[HOME] [DOWNLOAD] [DOCS] [NEWS] [SUPPORT] [TIPS] [ISSUES] [DONATE]

Hiding Tor / Whonix is difficult beyond practicality?

As per these two subjects:

Related:

Let’s say the Whonix-Host would be fully torified and the user using private (non-published), obfuscated bridges. That would still looks suspicious to an ISP since it lacks the usual Windows desktop operating system update and other phone home traffic. Would still be an “extremist” non-mainstream operating system user.

1 Like

This would be interesting but it would be difficult to determine exactly what would identify a Whonix/Tor user.

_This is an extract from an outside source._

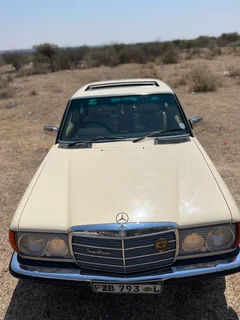 Mercedes Benz W123 230e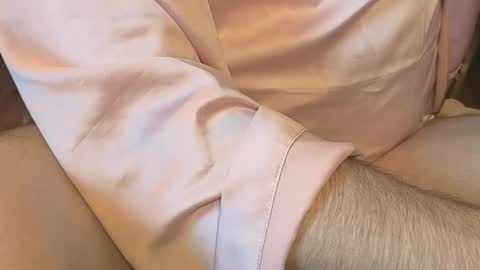 Snapshot of cherry_b0tt0m chatting on March 2026 02:39:02 PM Cherry Bottom online show from March 2026 02:39:02 PM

A lot of network traffic going to just one IP address may also be suspicious but stream isolation will solve this for the most part.

Should it hide that the user is running Linux too? That sounds a lot more difficult.

1 Like

I’ve made a quick draft of some things and adversary could do.

Identify a Whonix/Tor user even with bridges:

  1. Network hardening - security misc - not necessarily linked to Whonix but puts user into another subset.
  2. List of installed packages - torifying apt would help this.
  3. Adversary can send packages to user’s machine. Whonix firewall will drop invalid packages. Analyse dropped vs non-dropped packages.
  4. Lots of traffic going to one IP - suspicious - stream isolation helps.
  5. Lots of traffic going to one IP daily - may be a hint to guard nodes.
  6. Using Linux - puts user into another subset.

Identify Linux user:

  1. TCP/IP fingerprint.
  2. No Windows phone home traffic.

Solution:

Boot options/build options to change settings.

  1. Disable network hardening.
  2. Make sure apt is torified - Whonix Host needs this - Whonix VMs torify by default with stream isolation.
  3. Mix up guard nodes. Don’t connect to same one for long periods of time. Maybe even switch during a session.
  4. Add random traffic at boot to make it look like Windows. Maybe even ping Microsoft’s domains.
  5. Tor should prevent site from seeing TCP/IP fingerprint. They should see the exit node’s fingerprint. If not using Tor then a kernel patch is needed https://nmap.org/misc/defeat-nmap-osdetect.html.
  6. Maybe disable Whonix firewall or prevent it from dropping packages.
1 Like

When using a bridge, the entry to Tor is the same for all streams.

This is actually considered less secure due to a higher probability to encounter a malicious guard when performing frequent rotation.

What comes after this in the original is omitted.